USA 2015 – 18. Tag – Mo. 15.06.2015

Mariposa (Yosemite Nationalpark)

Ich wollte im Park wandern und deshalb machte ich mich erst einmal einen Stopp im örtlichen Diner, um mir ein Frühstück zu genehmigen. Im Anschluss ging es die etwa 50 Kilometer zurück in den Yosemite Nationalpark. Dort angekommen fuhr ich erst einmal zum Tunnel View um Bilder zu machen. Leider steht die Sonne am Morgen etwas ungünstig und so kommt nicht die gesamte Schönheit des Parks auf den Bildern rüber.

Im Anschluss fuhr ich ans östliche Ende des Yosemite Valleys und fing an den Mist Trail zu wandern. Der Trail ist relativ lange asphaltiert, dementsprechend waren auch viele Menschen unterwegs. Da es noch früh am Morgen war, hielt es sich trotzdem noch in Grenzen. Der erst Halt war unterhalb des Vernal Fall. Der Wasserfall ist wirklich toll und in der Gischt bildete sich durch die Sonnenstrahlen immer wieder ein schöner Regenbogen..

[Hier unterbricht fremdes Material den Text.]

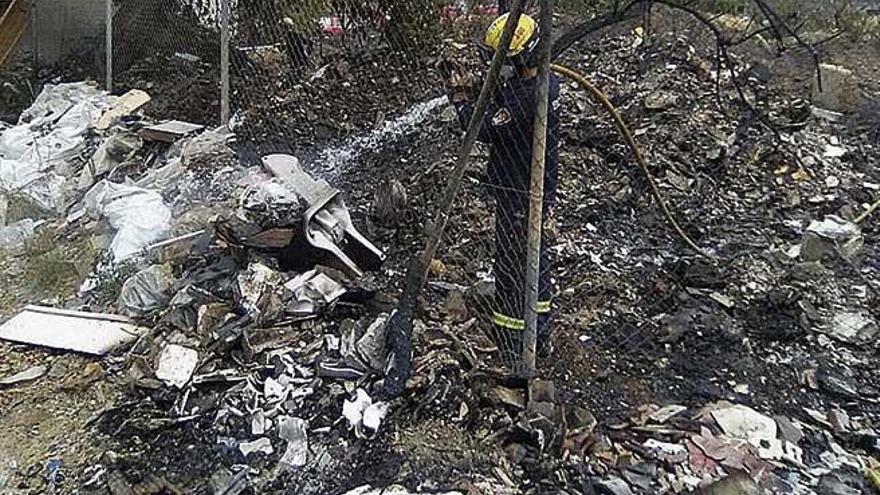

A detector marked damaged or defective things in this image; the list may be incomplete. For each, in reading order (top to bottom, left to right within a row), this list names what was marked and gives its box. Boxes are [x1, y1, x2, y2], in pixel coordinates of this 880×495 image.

broken concrete block [816, 64, 864, 113]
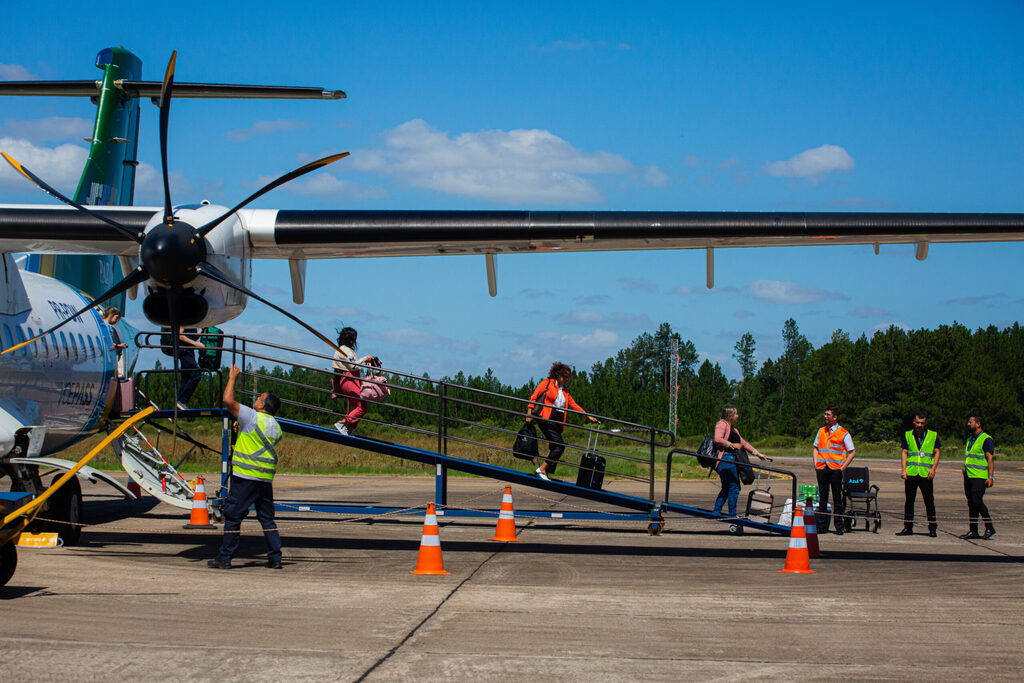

Waren die ersten Stufen um den Wasserfall von unten zu erreichen schon deutlich anstrengender, wurde es ziemlich anstrengend um ihn von oben zu sehen. Die Amerikaner deklarieren den Anstieg als „Strenuous“. So etwas wie anstrengend. Ich habe auch nicht wirklich verstanden wie viele, noch wirklich sehr kleine, Kinder hier von den Eltern nach oben getrieben wurden. Oben am Vernal Fall angekommen machten die Meisten der Leute dann auch kehrt.

Ich wollte aber auch den Nevada Fall sehen und so wanderte ich weiter in das Tal hinein. Mittlerweile war es um die Mittagszeit und ich war sehr froh die meiste Zeit im Wald wandern zu können. Nachdem ich den Nevada Fall auch von unten gesehen hatte, wollte ich dann auch nach oben. Hier wurde es dann aber wirklich Anspruchsvoll. Über ungezählte Steinstufen ging es noch einmal 300 Höhenmeter nach oben.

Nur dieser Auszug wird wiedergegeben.